For clarity, we summarize here the principal features and the main steps of the method presented and discussed extensively in Paper I.

  • From the longslit spectrum of a continuum-subtracted emission line one constructs the “spectroastrometric curve” by measuring the line centroid along the slit for all wavelength channels. The “spectroastrometric curve” of the line is given by the position centroids as a function of wavelength.

  • From the simulations presented in Paper I, we showed that the information about the BH gravitational field is predominantly encoded in the “high velocity” (HV) range of the spectroastrometric curve which comprises the points in the red and blue wings of the line. The HV part of the line spectrum originates from the gas moving at high velocities closer to the BH, in the case of Keplerian rotation and this emission is spatially unresolved. For this reason the HV part of the line spectrum is not strongly influenced by the spatial resolution or other instrumental effects like slit losses or by the intrinsic line flux distribution. On the other hand “low velocity” (LV) emission is usually spatially resolved (i.e. the gas moving at lower velocities is located farther away from the BH) and this makes the spectroastrometric curve not useful. The HV range of the curve is identified by measuring the spatial extent of the line emission as function of wavelength and discarding the central (i.e. LV range) bins where the line emission becomes broader than the instrumental spatial resolution.

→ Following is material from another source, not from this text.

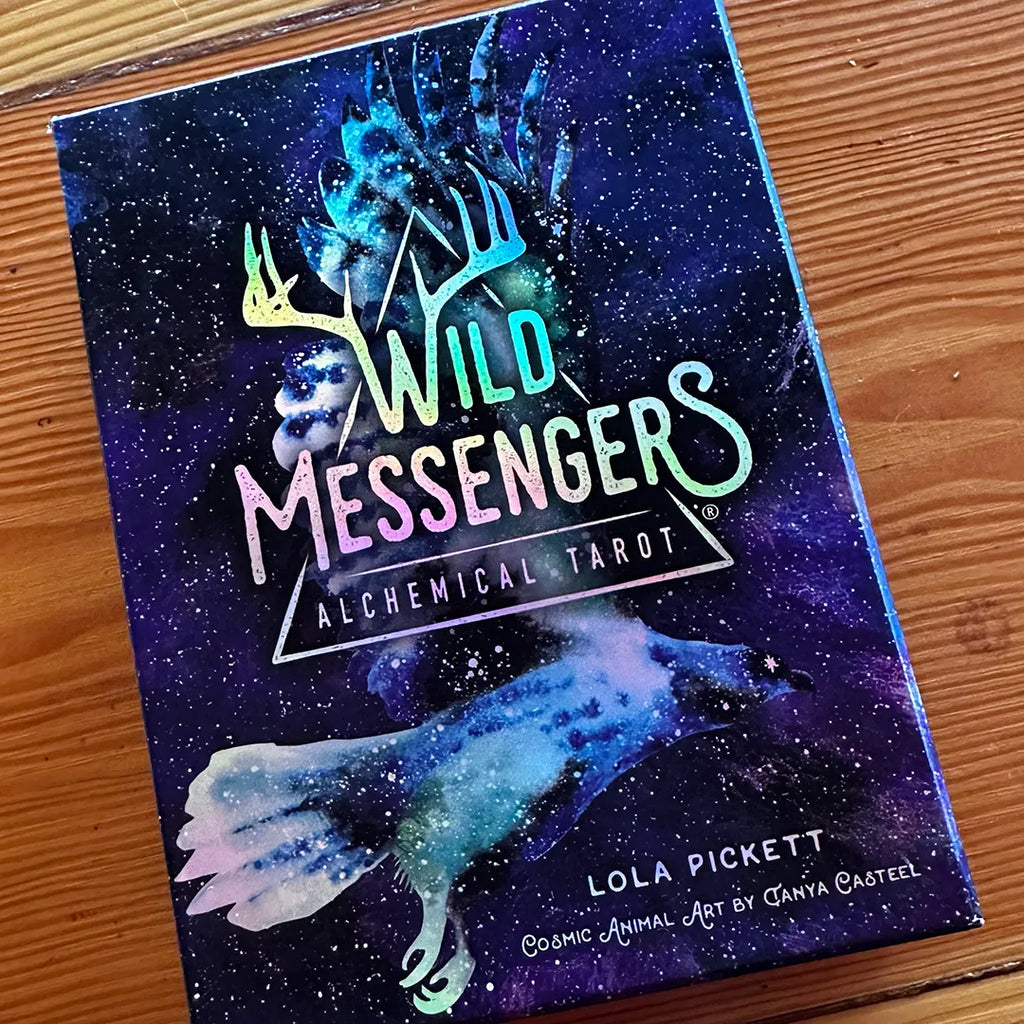 Wild Messengers® Alchemical Tarot holographic box sample on wood floor, Costa Rica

  • By measuring the spectroastrometric curves of a given line from at least three spectra taken at different slit position angles, one can obtain a “spectroastrometric map” of the source on the plane of the sky by geometrically combining the three curves. In the case of integral field spectra, this step is obviously not necessary because the spectroastrometric map is derived directly from the data cubes. In the case of a rotating disk with a radially symmetric line flux distribution the points of the spectroastrometric map should lie on the disk line of nodes. However even for IFU data the effect of slit losses or a non-symmetric line flux distribution can perturb the light centroid positions moving them away from the disk line of nodes. As shown in Paper I and discussed above, these effects become negligible for the HV range of the map where the emission is spatially unresolved. In contrast, the LV points of the map tend to lie away from the line of nodes in a typical “loop” shape. The final spectroastrometric map is then obtained by selecting only the HV points.

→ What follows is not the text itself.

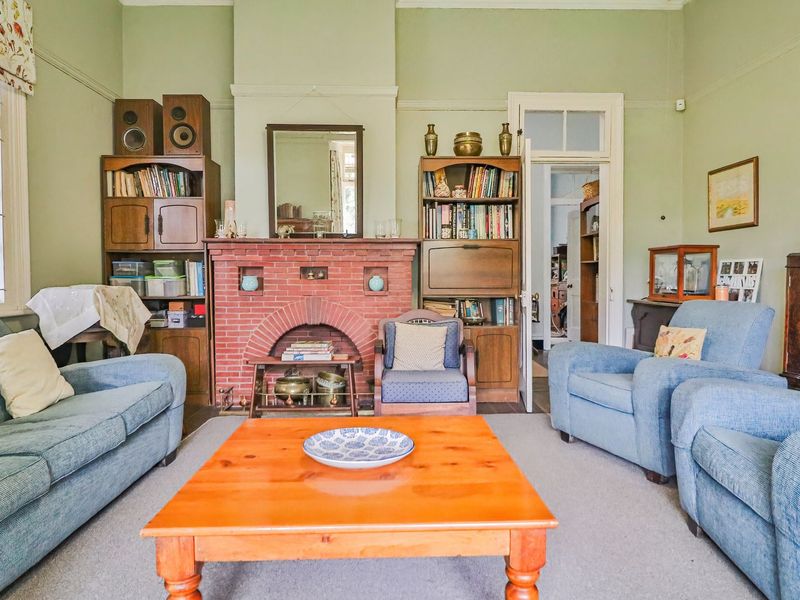 A traditional living room featuring a classic brick fireplace, picture rails, and timber-framed windows, offering a character-filled space with potential for modern updates.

  • One can then estimate the disk line of nodes by a line fitting of the HV range of the spectroastrometric map, project those points on the estimated disk line of nodes and obtain the disk rotation curve. Finally, one can apply a simple model fitting procedure and obtain the parameters determining the gas rotation curve, and in particular the BH mass.

4. Longslit spectra: observations and data analysis

4.1. The data

We use available near infrared spectra of the nucleus of Centaurus A obtained with ISAAC at the ESO VLT telescope (see Marconi et al. 2006, for details). Briefly, the spectra were obtained with a wide slit and cover a wavelength range of 1.24−1.30   μm with a resolving power of λλ = 10   500, corresponding to a spectral resolution of  ~1.2   Å at the central wavelength (λ = 1.274   μm). The spatial scale of the spectra is 0.147″/pixel along the slit axis and the dispersion is 0.58 Å/pixel. The spatial resolution of the spectra is estimated as (FWHM of the PSF). There are three different spectra characterized by a different slit position angle: the one we will refer to as “PA1” has a position angle of 32.5°, “PA2” has −44.5° and “PA3” has 83.5° (see Marconi et al. 2006, for details).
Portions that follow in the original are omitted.